## EXERCISE DATA
- Opening Delimiter -
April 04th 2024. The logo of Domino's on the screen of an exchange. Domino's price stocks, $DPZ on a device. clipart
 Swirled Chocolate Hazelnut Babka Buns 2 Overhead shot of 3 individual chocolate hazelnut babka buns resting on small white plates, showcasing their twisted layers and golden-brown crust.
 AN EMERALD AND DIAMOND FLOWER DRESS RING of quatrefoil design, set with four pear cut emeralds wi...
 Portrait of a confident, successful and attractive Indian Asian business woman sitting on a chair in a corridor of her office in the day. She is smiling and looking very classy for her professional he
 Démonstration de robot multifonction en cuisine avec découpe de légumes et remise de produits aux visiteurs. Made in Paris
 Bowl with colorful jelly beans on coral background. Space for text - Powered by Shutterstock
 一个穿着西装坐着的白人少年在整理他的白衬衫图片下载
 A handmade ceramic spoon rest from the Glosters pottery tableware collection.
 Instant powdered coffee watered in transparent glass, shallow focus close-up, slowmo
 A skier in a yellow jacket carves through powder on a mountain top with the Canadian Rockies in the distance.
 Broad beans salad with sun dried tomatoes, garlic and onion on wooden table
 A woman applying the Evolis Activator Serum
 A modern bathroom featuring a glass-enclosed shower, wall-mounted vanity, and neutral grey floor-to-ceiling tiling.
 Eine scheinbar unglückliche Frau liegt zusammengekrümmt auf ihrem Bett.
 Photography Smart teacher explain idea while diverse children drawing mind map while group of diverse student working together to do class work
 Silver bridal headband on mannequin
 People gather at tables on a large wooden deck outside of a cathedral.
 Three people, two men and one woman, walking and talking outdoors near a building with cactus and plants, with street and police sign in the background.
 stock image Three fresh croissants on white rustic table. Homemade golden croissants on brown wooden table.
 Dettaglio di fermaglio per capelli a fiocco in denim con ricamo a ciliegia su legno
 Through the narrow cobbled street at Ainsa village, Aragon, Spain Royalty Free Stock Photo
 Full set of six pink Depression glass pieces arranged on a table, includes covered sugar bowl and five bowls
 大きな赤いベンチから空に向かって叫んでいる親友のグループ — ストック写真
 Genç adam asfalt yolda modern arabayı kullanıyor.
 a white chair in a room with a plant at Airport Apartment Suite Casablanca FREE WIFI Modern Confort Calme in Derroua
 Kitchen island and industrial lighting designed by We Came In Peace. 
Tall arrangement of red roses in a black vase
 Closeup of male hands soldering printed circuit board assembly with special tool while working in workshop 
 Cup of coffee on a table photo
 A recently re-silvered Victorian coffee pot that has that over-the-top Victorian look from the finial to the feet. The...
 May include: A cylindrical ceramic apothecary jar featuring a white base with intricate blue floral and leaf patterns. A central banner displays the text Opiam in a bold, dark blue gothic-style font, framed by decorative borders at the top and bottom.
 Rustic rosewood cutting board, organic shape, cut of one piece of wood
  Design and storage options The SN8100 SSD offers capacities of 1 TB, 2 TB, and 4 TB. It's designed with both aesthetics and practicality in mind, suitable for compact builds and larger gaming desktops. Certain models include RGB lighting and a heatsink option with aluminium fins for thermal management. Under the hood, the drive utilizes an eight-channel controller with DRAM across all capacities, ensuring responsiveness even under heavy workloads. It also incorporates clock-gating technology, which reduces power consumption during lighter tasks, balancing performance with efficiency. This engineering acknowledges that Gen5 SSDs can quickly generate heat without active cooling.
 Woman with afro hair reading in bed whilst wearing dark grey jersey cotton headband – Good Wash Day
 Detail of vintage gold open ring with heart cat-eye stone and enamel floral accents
- Closing Delimiter -
## PROBLEM TO WORK ON
Scan the entries above for the string "wooden" and copy each line containing it.

## TASK ANSWER
 Broad beans salad with sun dried tomatoes, garlic and onion on wooden table
 People gather at tables on a large wooden deck outside of a cathedral.
 stock image Three fresh croissants on white rustic table. Homemade golden croissants on brown wooden table.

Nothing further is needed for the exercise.